La pensione non si tocca. Una volta maturata, non può essere oggetto di rimaneggiamenti da parte delle casse professionali (e degli enti previdenziali, in genere) nemmeno se in gioco c’è l’equilibrio dell’ente o l’equità tra le generazioni. Il principio del pro rata soccorre proprio a questo: a evitare di frustrare le aspettative di diritti in via di maturazione (diritti acquisiti), scindendo la pensione in due quote che si sommano tra loro: la prima calcolata sull’anzianità acquisita sotto il vigore della vecchia norma, la seconda sull’anzianità residua alla luce della nuova norma che, generalmente, è meno favorevole. A ribadirlo è la Corte di cassazione in due recenti sentenze, la n. 8847 e la n. 8848 del 18 aprile, di condanna della cassa di previdenza dei ragionieri.

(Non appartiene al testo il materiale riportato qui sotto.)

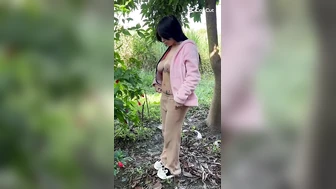 jazminvip - watering the plants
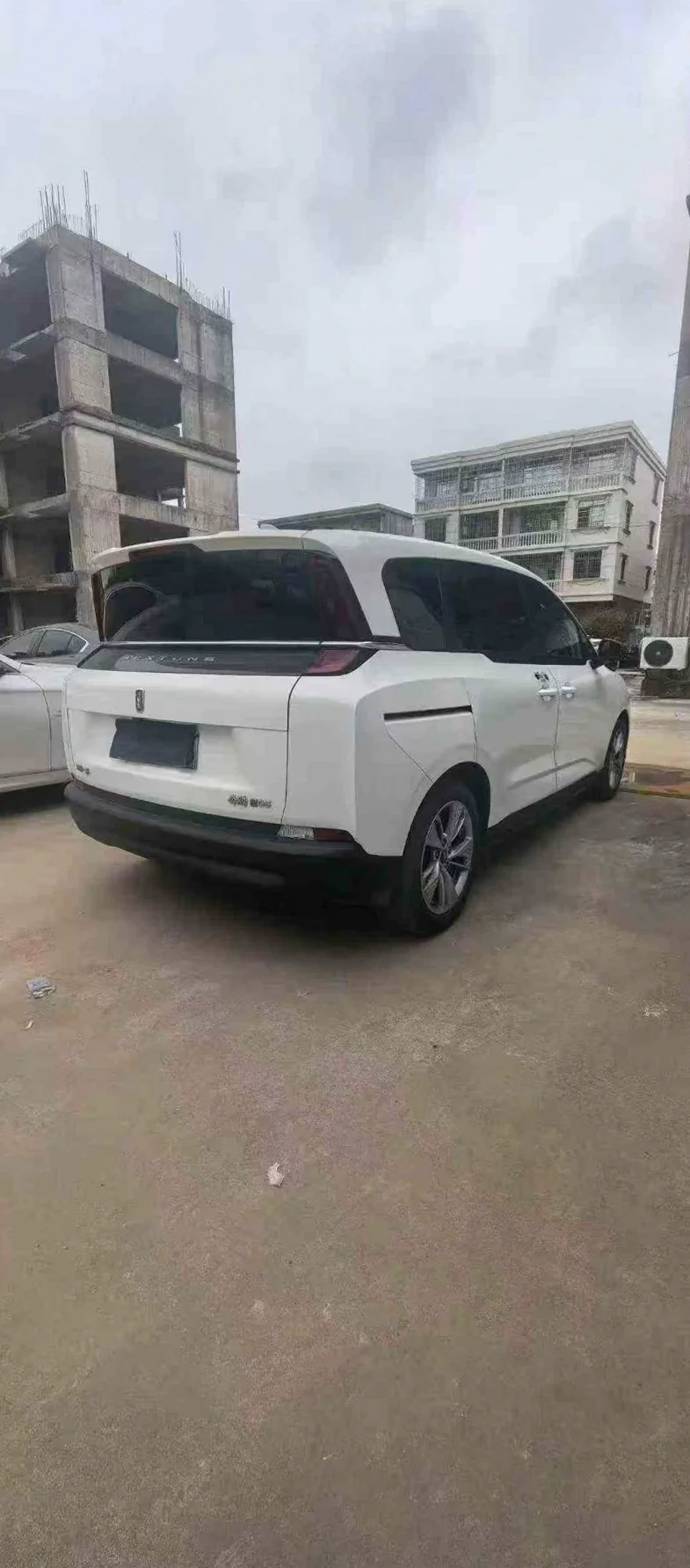 奔腾E05 后面外观二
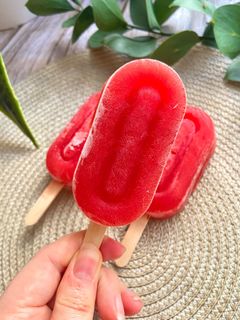 Una foto de Polos de hielo de Sandía y Fresas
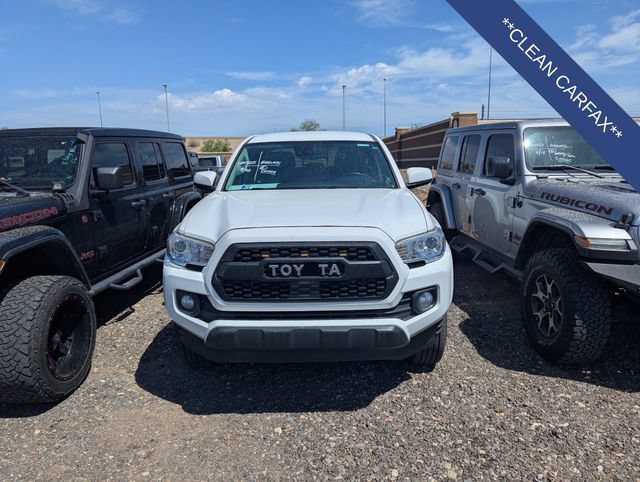 Used 2022 Toyota Tacoma SR5 RWD image 3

Il calcolo della pensione. Le due sentenze riguardano il calcolo della pensione e la possibilità, per una cassa di previdenza, di modificarne i criteri in corso di maturazione. Nello specifico sono relative alla cassa di previdenza dei ragionieri e alla delibera 22 giugno 2002 con cui la cassa aveva modificato il sistema di calcolo delle pensioni retributive, passando da un criterio che teneva conto dei 15 migliori redditi del professionista conseguiti negli ultimi 20 anni precedenti la maturazione del diritto, a un nuovo criterio che tiene conto «della media di tutti i redditi».

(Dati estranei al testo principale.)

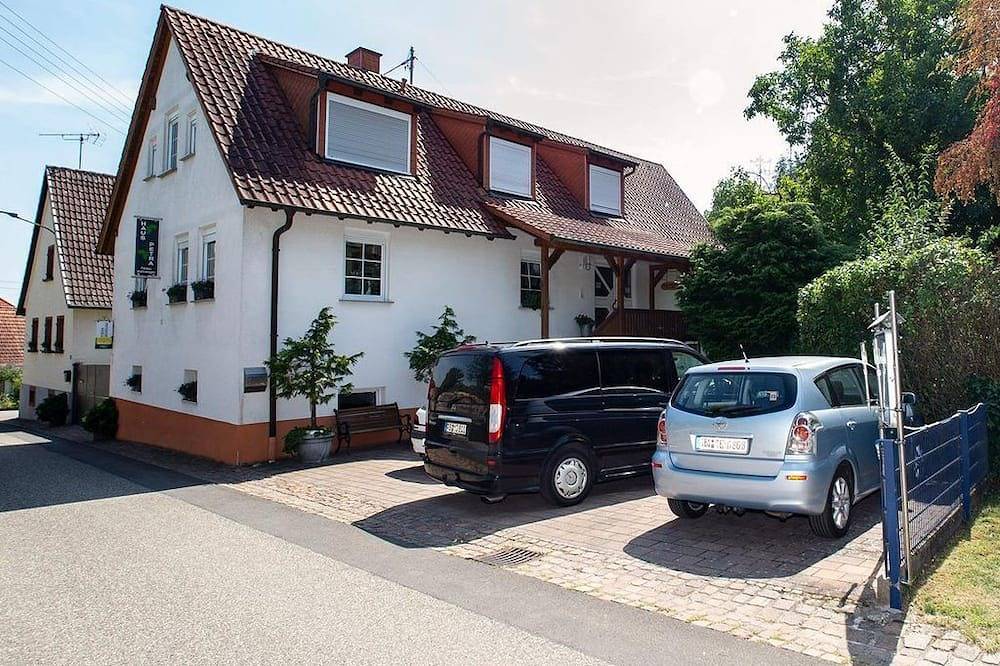 Ganze Wohnung, Kleine Ferienwohnung mit Balkon - Haus Petra in Gleiszellen-Gleishorbach, Südliche Weinstraße
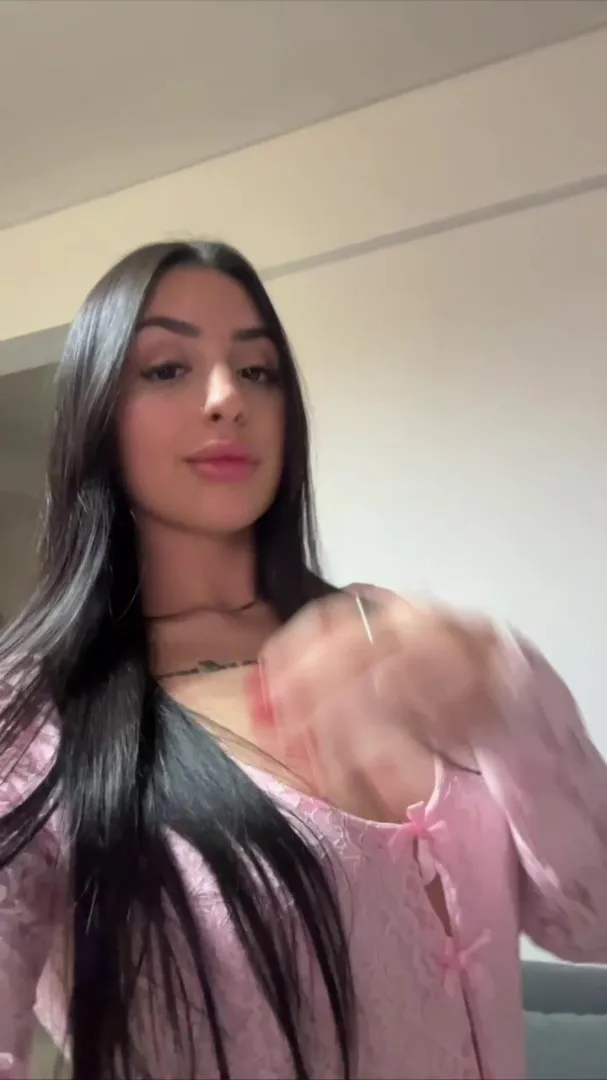 bored af, hmu if you’re free to vibe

L’indirizzo si fa prevalente. Il problema, dunque, verte sul principio del pro rata, ossia su quel criterio che consente di ritoccare in corso di maturazione le regole di calcolo delle pensioni, introdotto dalla legge n. 335/1995 (riforma Dini delle pensioni) quale «principio di riforma economico-sociale della Repubblica». Le sentenze decidono una questione principale: se il principio del pro rata sia applicabile alle pensioni. La soluzione, infine, è la conferma di un indirizzo che, ormai, sta diventano consolidato. Ossia che il pro rata è pienamente applicabile anche alle pensioni. In origine, è la stessa Corte di cassazione ad affermare il contrario. Nella sentenza n. 14071/2007, infatti, sostiene che «il principio del pro rata deve intendersi fatto dal legislatore con riferimento ai parametri suscettibili di frazionamento nel tempo e di separata valutazione in relazione ai periodi temporali di vigenza di diverse normative, con la conseguenze che non sarebbe applicabile al sistema di calcolo della pensione, che non è suscettibile di frazionamento in quanto può avvenire esclusivamente al momento dell’accoglimento della domanda di pensionamento e deve essere eseguito secondo le norme in vigore in quel momento». Con successive sentenze, però, la stessa Corte (n. 24202/2009 e n. 20235/2010) ha invece optato per un diverso (opposto) orientamento. Orientamento che viene confermato dalle due recenti sentenze e per il quale se è vero, in via generale, che la pensione si calcola con le regole della normativa vigente all’epoca di maturazione del diritto, è altrettanto vero che il legislatore degli ultimi anni (che si connota per il perseguimento del risparmio della spesa previdenziale dei sistemi pubblici e privati) ricorre sovente alla diversa regola del pro rata, specificatamente per le prestazioni pensionistiche di anzianità e vecchiaia, i cui presupposti si maturano nel corso del tempo, andando a regolare quei casi in cui la lunga anzianità contributiva, che è prescritta come requisito, si colloca in un ambito temporale ove si succedono normative diverse e dove la più recente è, solitamente, meno favorevole alla regola precedente. In tal caso, il principio del pro rata esplica la sua principale finalità, che è quella di non frustrare le aspettative di diritti in via di perfezionamento: ciò che è stato maturato non può poi essere ritoccato, se non dal legislatore.